Recorded information ::
◆ ◆ ◆
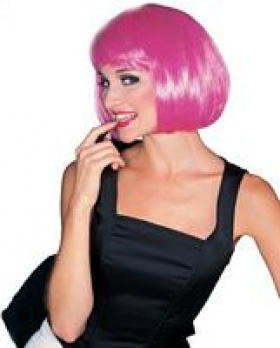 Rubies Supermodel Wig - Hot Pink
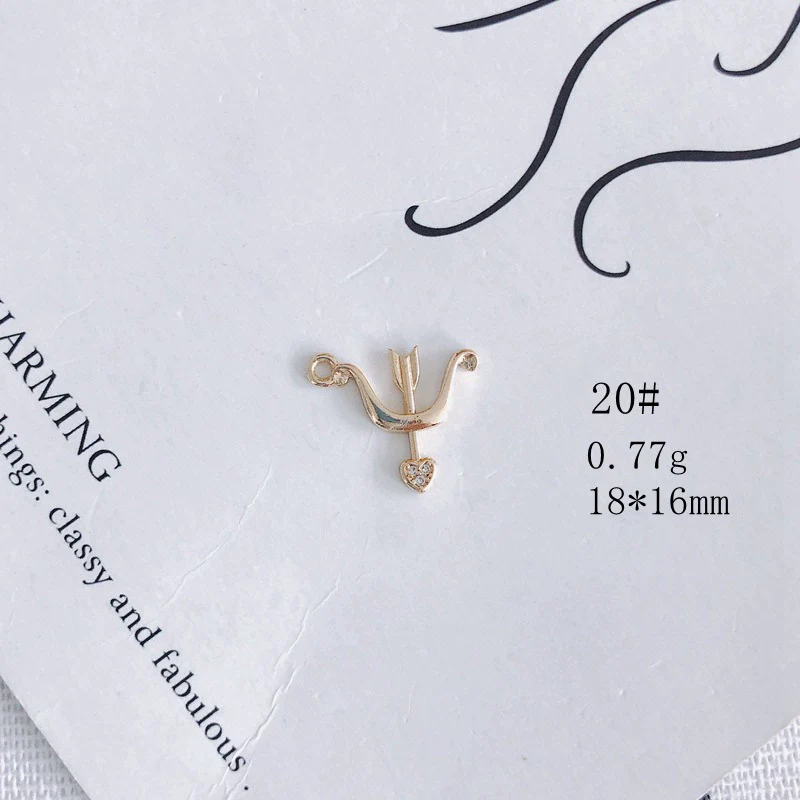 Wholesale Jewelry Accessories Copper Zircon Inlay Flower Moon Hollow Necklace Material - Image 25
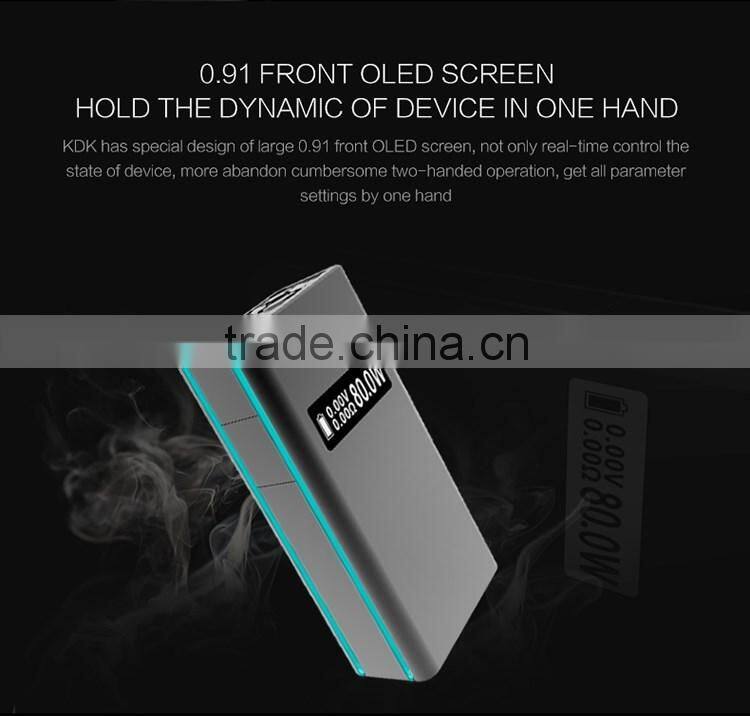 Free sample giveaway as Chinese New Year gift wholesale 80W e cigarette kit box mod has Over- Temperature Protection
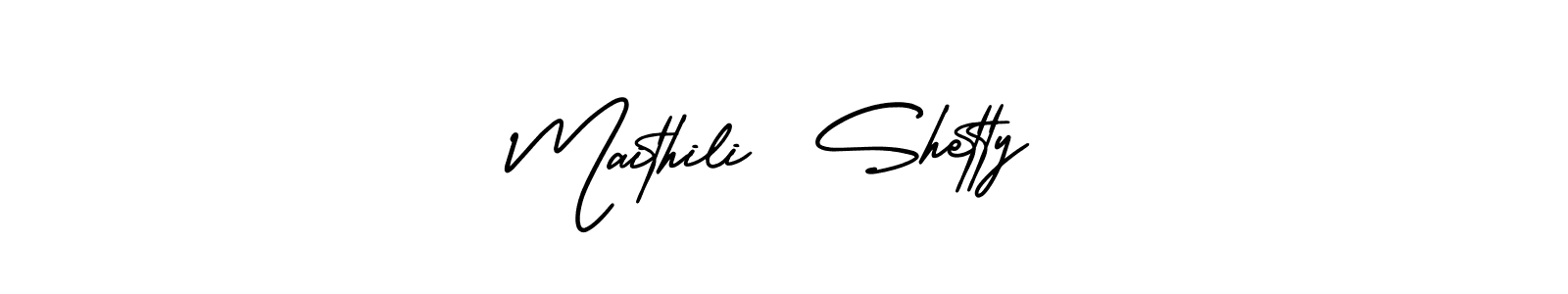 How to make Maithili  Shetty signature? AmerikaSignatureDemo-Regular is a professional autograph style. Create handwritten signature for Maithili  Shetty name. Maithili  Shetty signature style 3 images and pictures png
◆ ◆ ◆
How to complete this task :: Having found the line with "Wholesale Jewelry Accessories" and the line with "Free sample giveaway" in the material above, write out exactly those two and every line between, leaving the pictures out.

Solution below ::
 Wholesale Jewelry Accessories Copper Zircon Inlay Flower Moon Hollow Necklace Material - Image 25
 Free sample giveaway as Chinese New Year gift wholesale 80W e cigarette kit box mod has Over- Temperature Protection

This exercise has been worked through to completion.